Lawyer served as the organization’s first executive director, a position he said was the result of being “chief volunteer” and which he stepped down from in 2021. “I was a really typical founder and had no idea about anything [related to] a nonprofit [when I started],” he said. “I was just a person who wished someone existed to help me with my problem,” he said, referring to the difficulty of finding hormones and navigating the legal system as a trans person. Lawyer wasn’t even able to pay himself a small salary until 2013. He now serves as the Director of Education at TGRCNM and as a thought partner to the new Executive Director. While he and his co-founder always had an expansive vision for the organization, it took several years to figure out how to resource it, he said. “We were meeting people in coffee shops and answering people’s emails, and having support groups meet in people’s homes.”

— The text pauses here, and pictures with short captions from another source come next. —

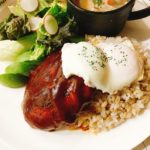 美味しいけど目玉焼き失敗した!!ハンバーグロコモコ風ワンプレート【献立紹介】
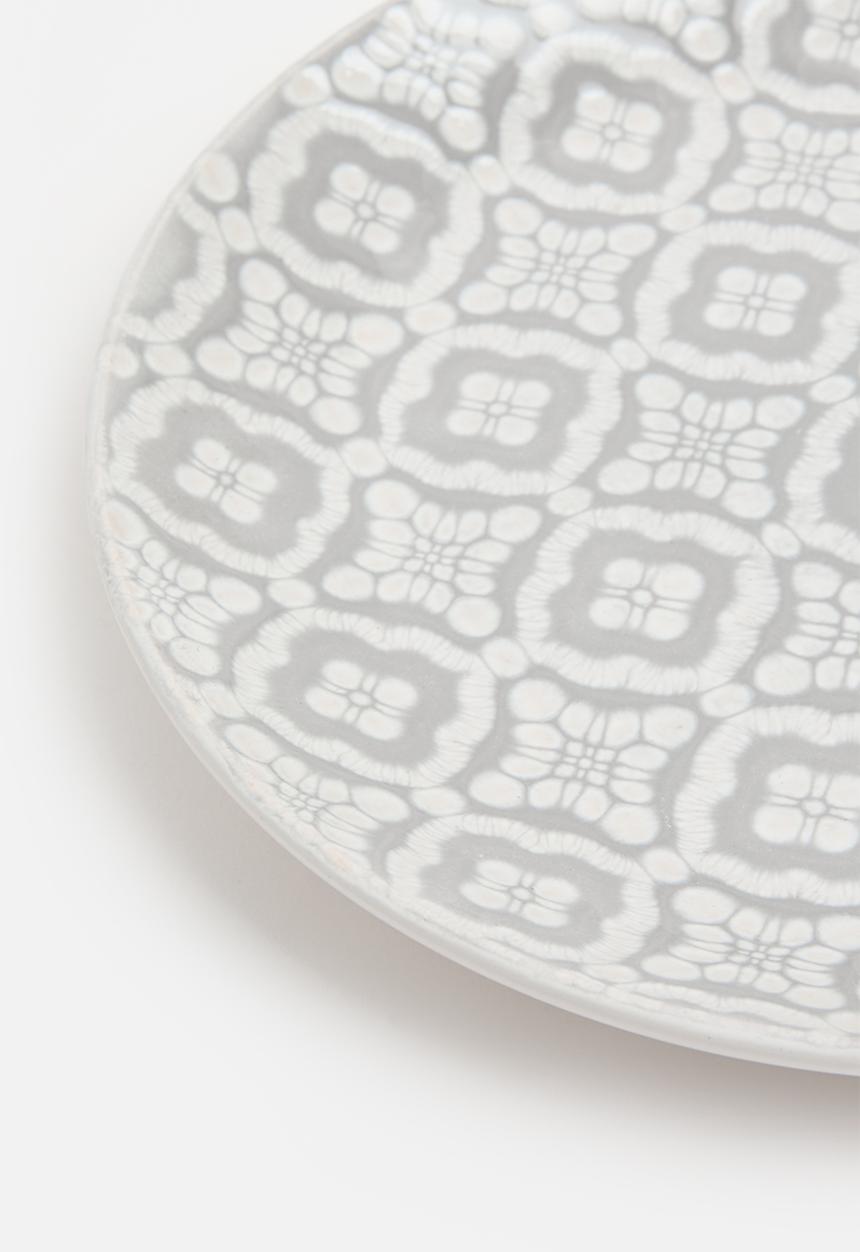 Sixth Floor - Loco dinner plate set of 4 - Grey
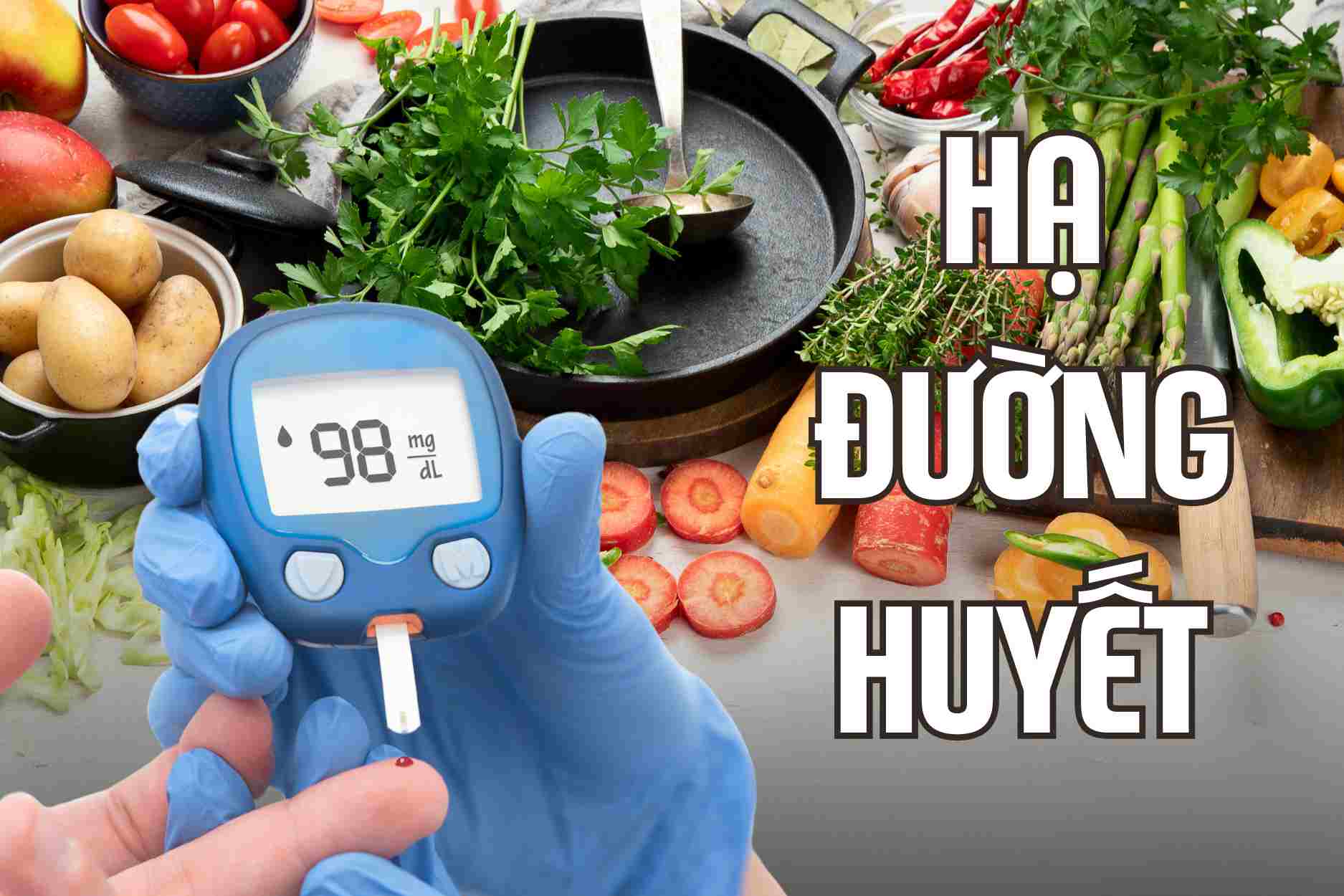 Foods rich in fiber help reduce blood sugar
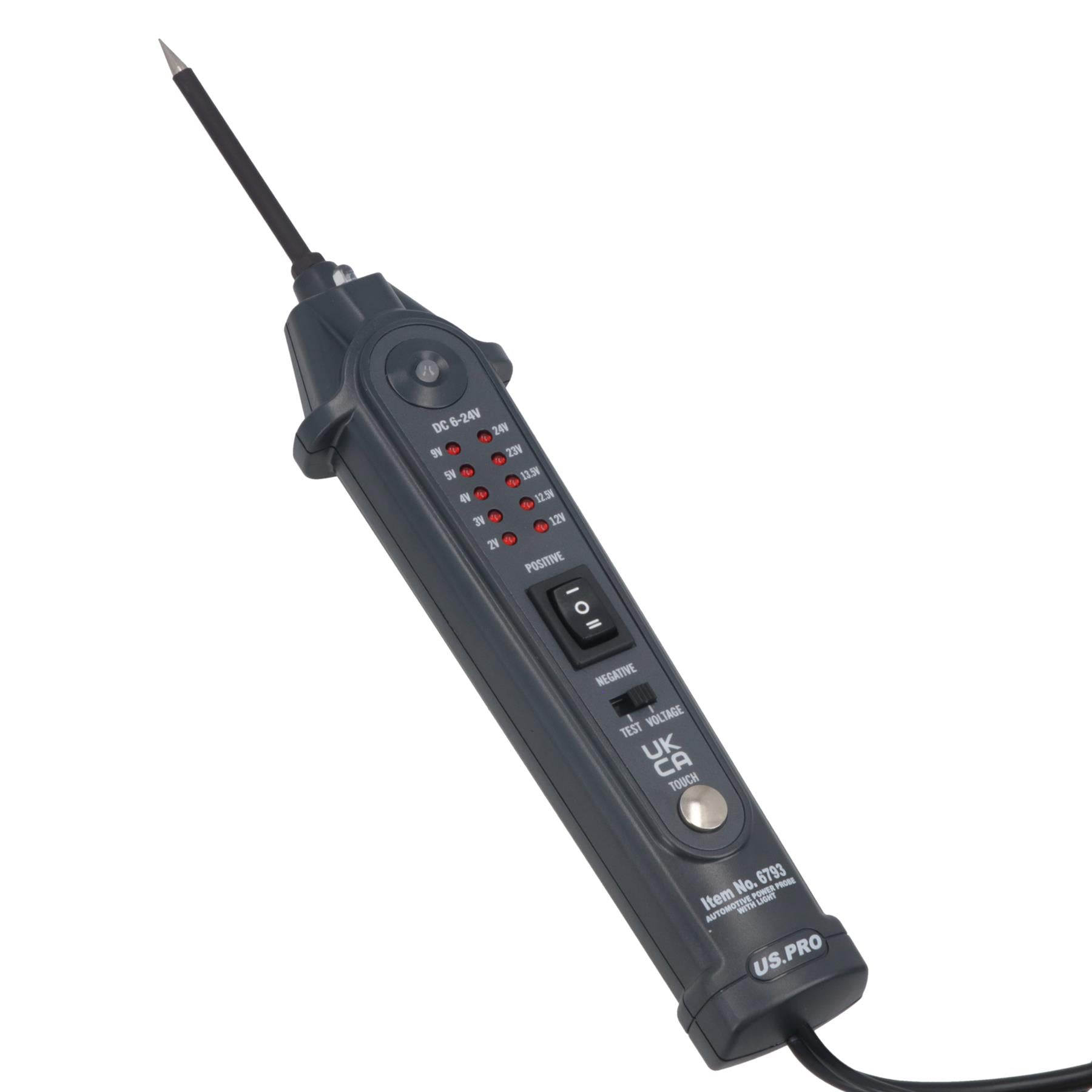 Automotive Power Probe with Light Continuity Polarity Circuit Tester 6 - 24 Volts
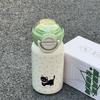 New Animal Stylish Thermos Cup Girls Big Cap Double Drinking Cup Straw Cup Portable Cute Stainless Cup Durable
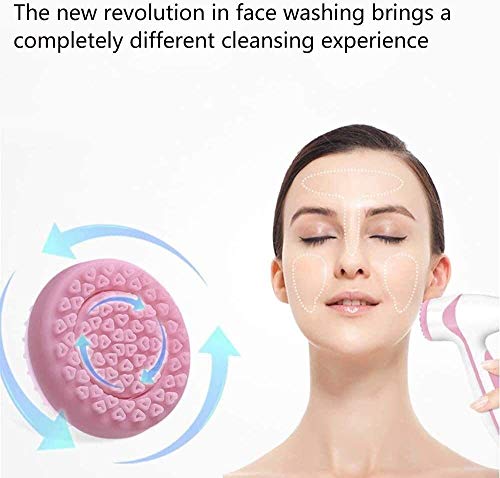 XYQ Recargable cepillo de limpieza facial, exfoliante de silicona removedor de la espinilla limpieza del poro eléctrico Limpiador Facial Brush- Inicio SPA Massager de la cara Adecuado for todo tipo de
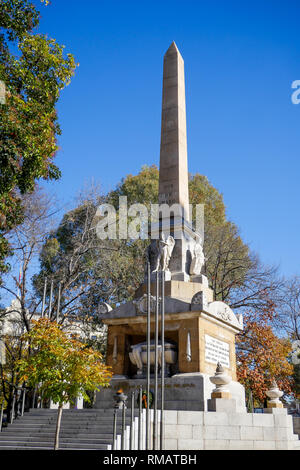 Monumento a los Caídos por España, Denkmal für die Gefallenen in Spanien, Plaza de la Lealtad, Madrid, Spanien Stockfoto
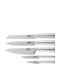 Richardson Sheffield Visage Messer Set mit Sockel aus Rostfreiem Stahl 5 Stück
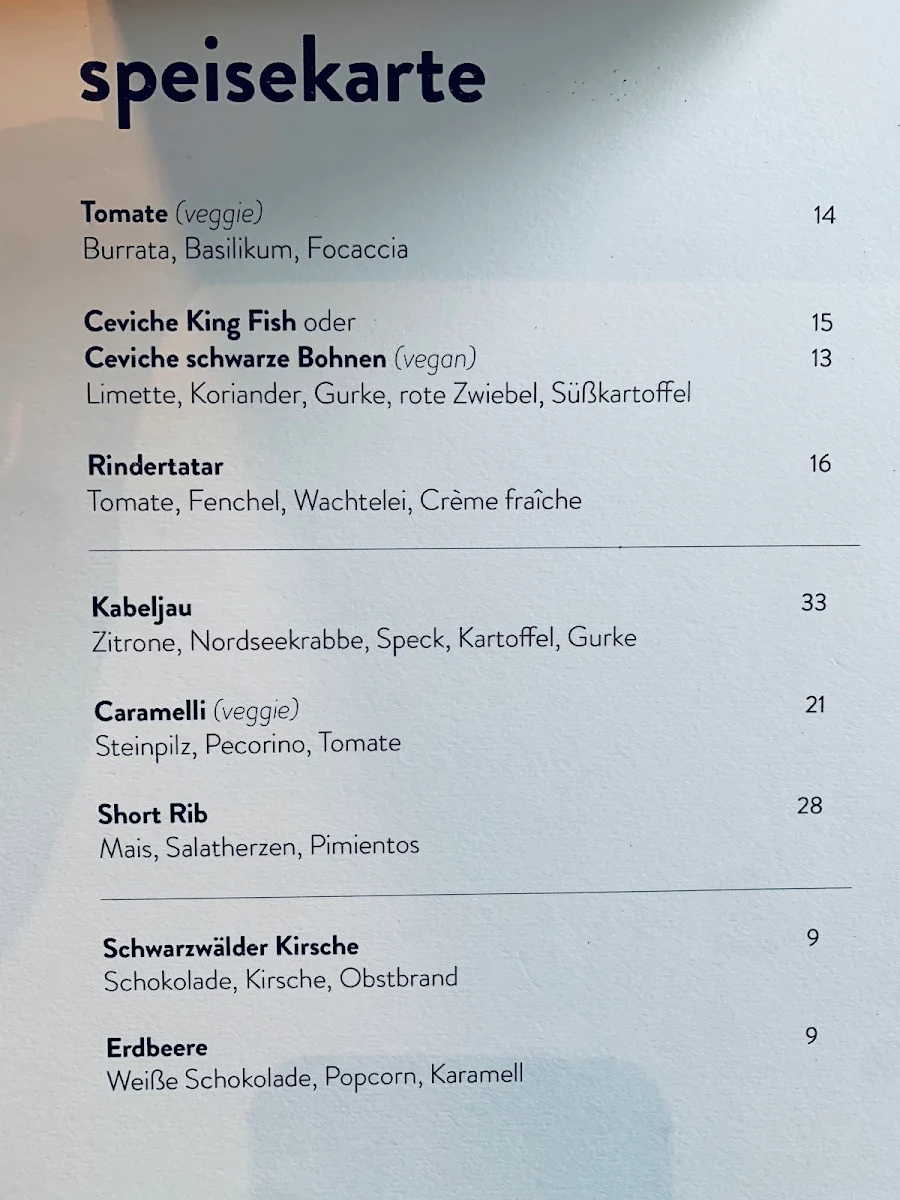 Speisekarte photo 2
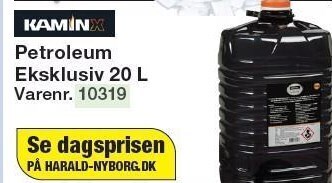 Harald Nyborg Kaminx petroleum eksklusiv 20 l tilbud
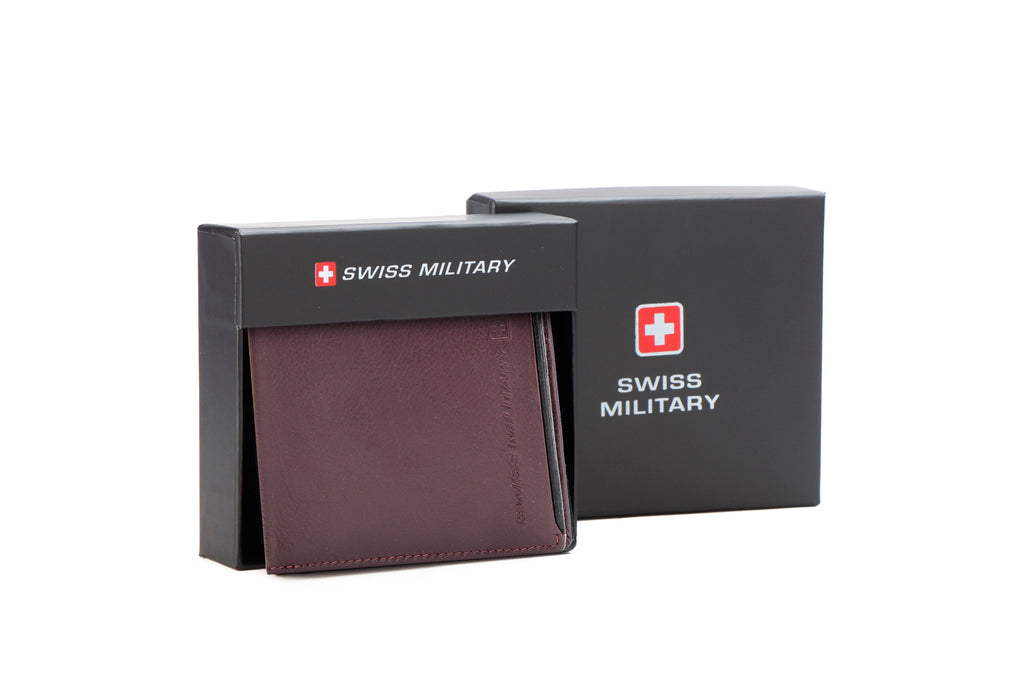 Buy Swiss Military Brown Leather Unisex Wallet (LW-6) Online at Lowest  Price Ever in India | Check Reviews & Ratings - Shop The World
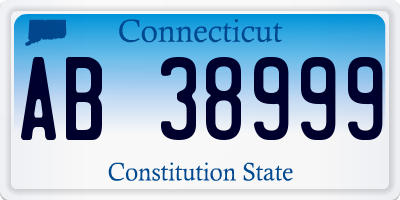 CT license plate AB38999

Today, TGRCNM also runs an outreach program for trans and nonbinary people who are incarcerated, maintains a provider directory, and offers emergency financial assistance. In addition to direct services, TGRCNM has provided trans competency trainings to public schools, police departments, correctional professionals, judges, and public defenders across the United States for more than 15 years. The organization has also achieved several policy wins in partnership with Equality New Mexico, changing the law for how people can update their gender on birth certificates and change their names, and protecting reproductive and gender-affirming health care.

From the beginning, TGRCNM has pursued diverse revenue streams, including state contracts for HIV prevention and harm reduction (including syringe exchange), as well as foundation grants, individual donations, and fees from training programs. While the organization’s growth has been incremental, TGRCNM received a gift from MacKenzie Scott in 2022, which allowed it to purchase a house in Albuquerque to start a transitional living program for trans people. TGRCNM has grown into a fiscally stable and successful organization, but Lawyer understands that it’s still important to plan for the future. “Philanthropy is an industry, and like any other industry…it has trends, it has eras…The sun has very much risen and it’s shining very brightly on trans funding right now. But any sun that rises also has to set.”